Task material:
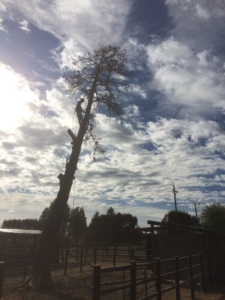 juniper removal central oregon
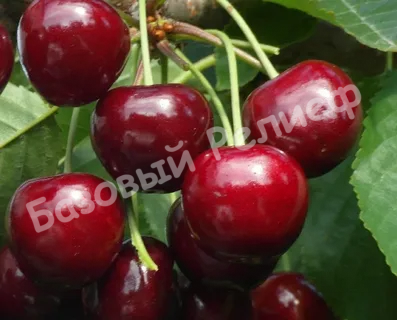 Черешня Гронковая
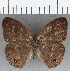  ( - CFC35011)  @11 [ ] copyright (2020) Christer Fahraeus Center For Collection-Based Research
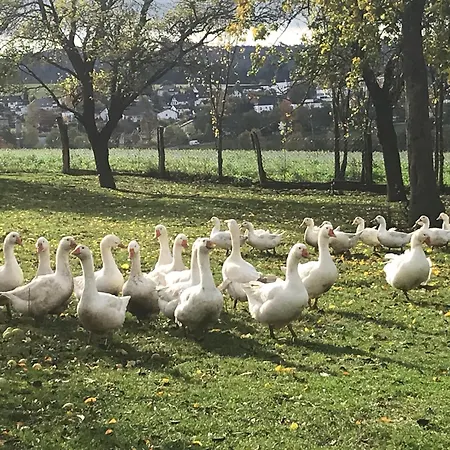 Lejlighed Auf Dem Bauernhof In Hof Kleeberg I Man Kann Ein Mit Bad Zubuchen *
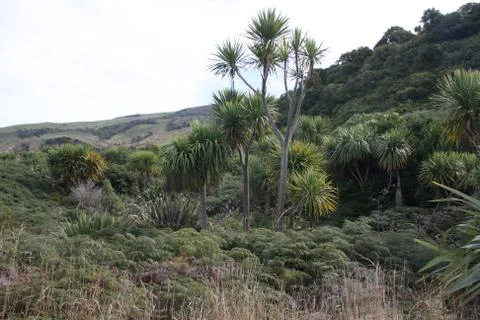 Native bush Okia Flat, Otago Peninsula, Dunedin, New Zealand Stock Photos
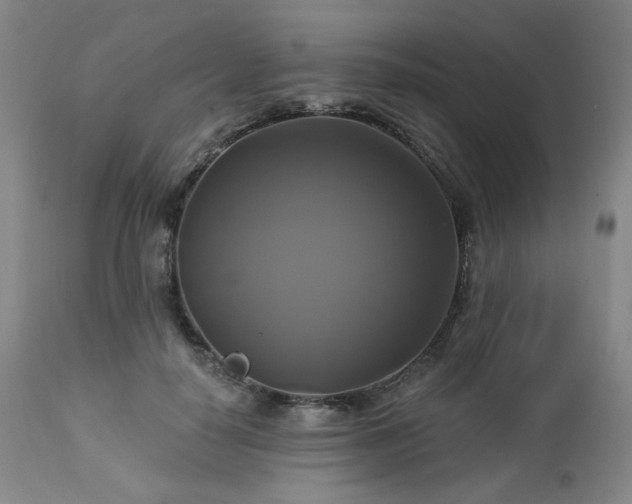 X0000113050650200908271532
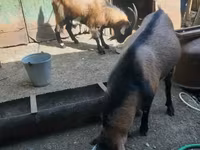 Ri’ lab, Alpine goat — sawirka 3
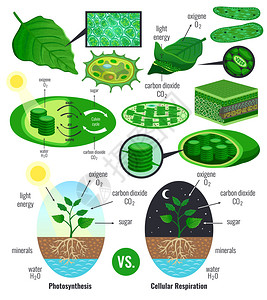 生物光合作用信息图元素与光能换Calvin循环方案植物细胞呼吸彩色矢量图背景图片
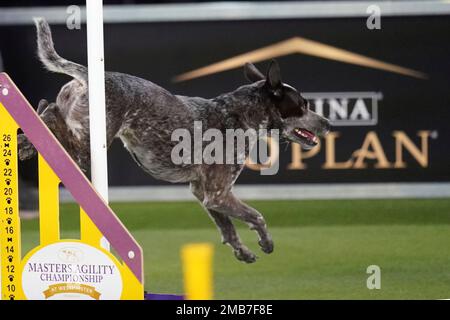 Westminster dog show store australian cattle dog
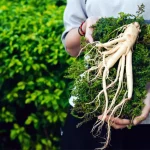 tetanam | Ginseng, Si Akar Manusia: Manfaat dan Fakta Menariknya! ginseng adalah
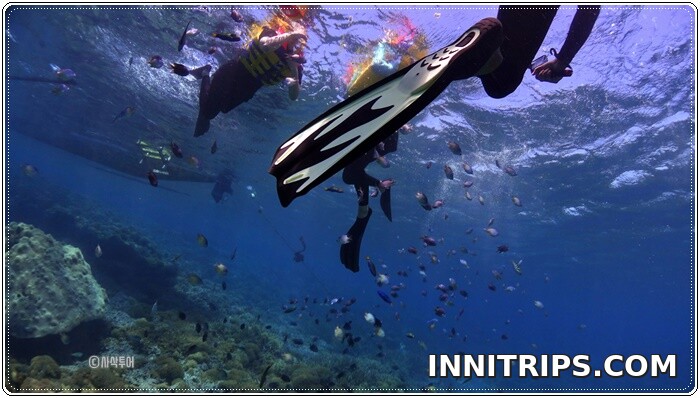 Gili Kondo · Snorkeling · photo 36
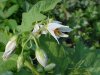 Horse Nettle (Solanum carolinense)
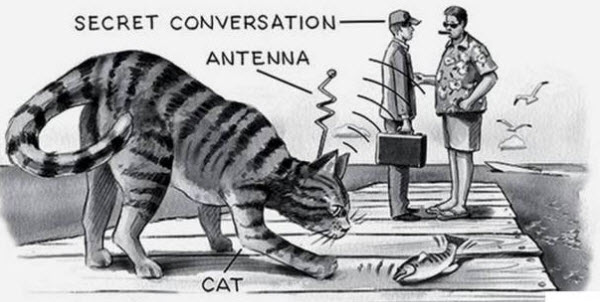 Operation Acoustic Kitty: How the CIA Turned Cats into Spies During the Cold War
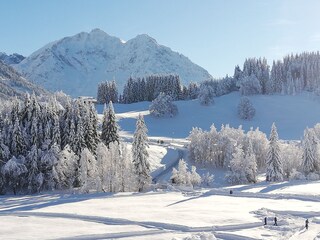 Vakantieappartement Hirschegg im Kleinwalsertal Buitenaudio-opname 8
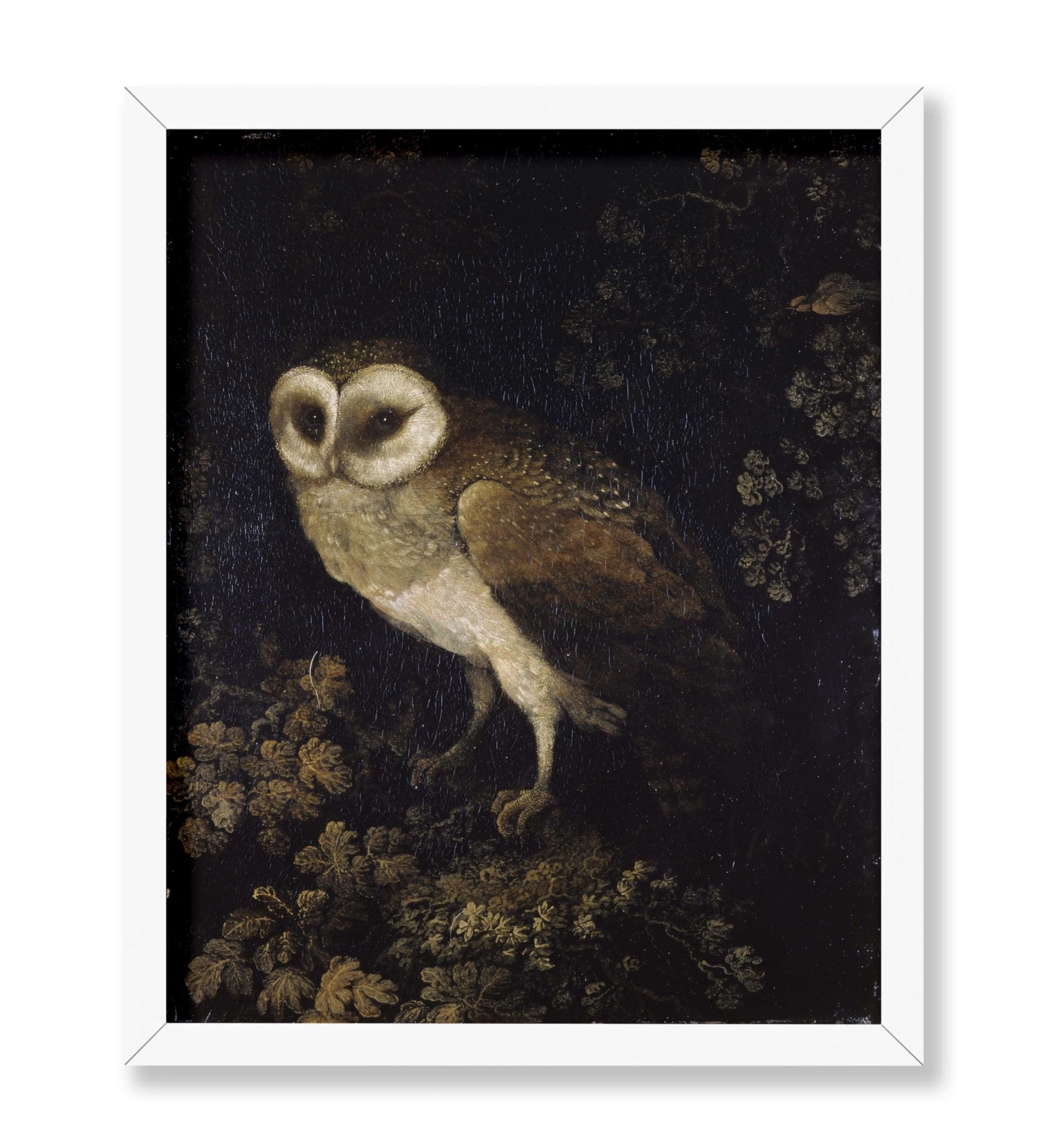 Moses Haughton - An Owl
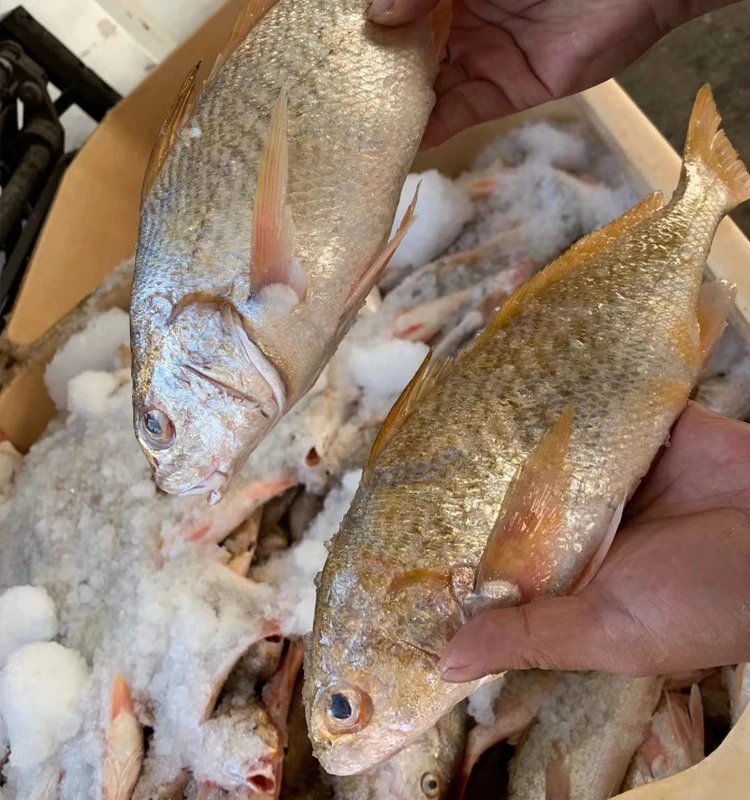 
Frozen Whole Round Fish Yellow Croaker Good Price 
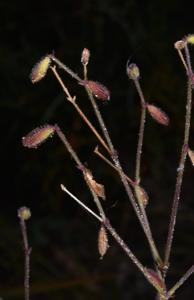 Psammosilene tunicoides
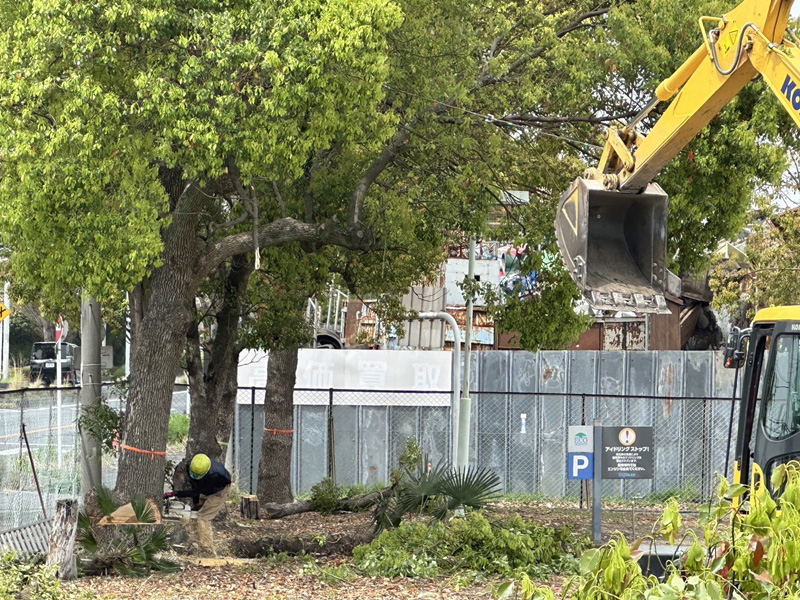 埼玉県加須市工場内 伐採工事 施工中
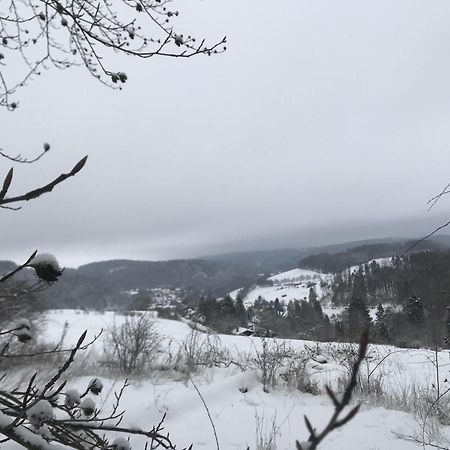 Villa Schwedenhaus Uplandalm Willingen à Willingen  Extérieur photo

Exercise requirements:
Repeat the lines exactly as they stand, from the opening line of the data through the line with "埼玉県加須市工場内 伐採工事 施工中". Pictures stay out of the copy.

Answer to the exercise:
 juniper removal central oregon
 Черешня Гронковая
  ( - CFC35011)  @11 [ ] copyright (2020) Christer Fahraeus Center For Collection-Based Research
 Lejlighed Auf Dem Bauernhof In Hof Kleeberg I Man Kann Ein Mit Bad Zubuchen *
 Native bush Okia Flat, Otago Peninsula, Dunedin, New Zealand Stock Photos
 X0000113050650200908271532
 Ri’ lab, Alpine goat — sawirka 3
 生物光合作用信息图元素与光能换Calvin循环方案植物细胞呼吸彩色矢量图背景图片
 Westminster dog show store australian cattle dog
 tetanam | Ginseng, Si Akar Manusia: Manfaat dan Fakta Menariknya! ginseng adalah
 Gili Kondo · Snorkeling · photo 36
 Horse Nettle (Solanum carolinense)
 Operation Acoustic Kitty: How the CIA Turned Cats into Spies During the Cold War
 Vakantieappartement Hirschegg im Kleinwalsertal Buitenaudio-opname 8
 Moses Haughton - An Owl
Frozen Whole Round Fish Yellow Croaker Good Price 
 Psammosilene tunicoides
 埼玉県加須市工場内 伐採工事 施工中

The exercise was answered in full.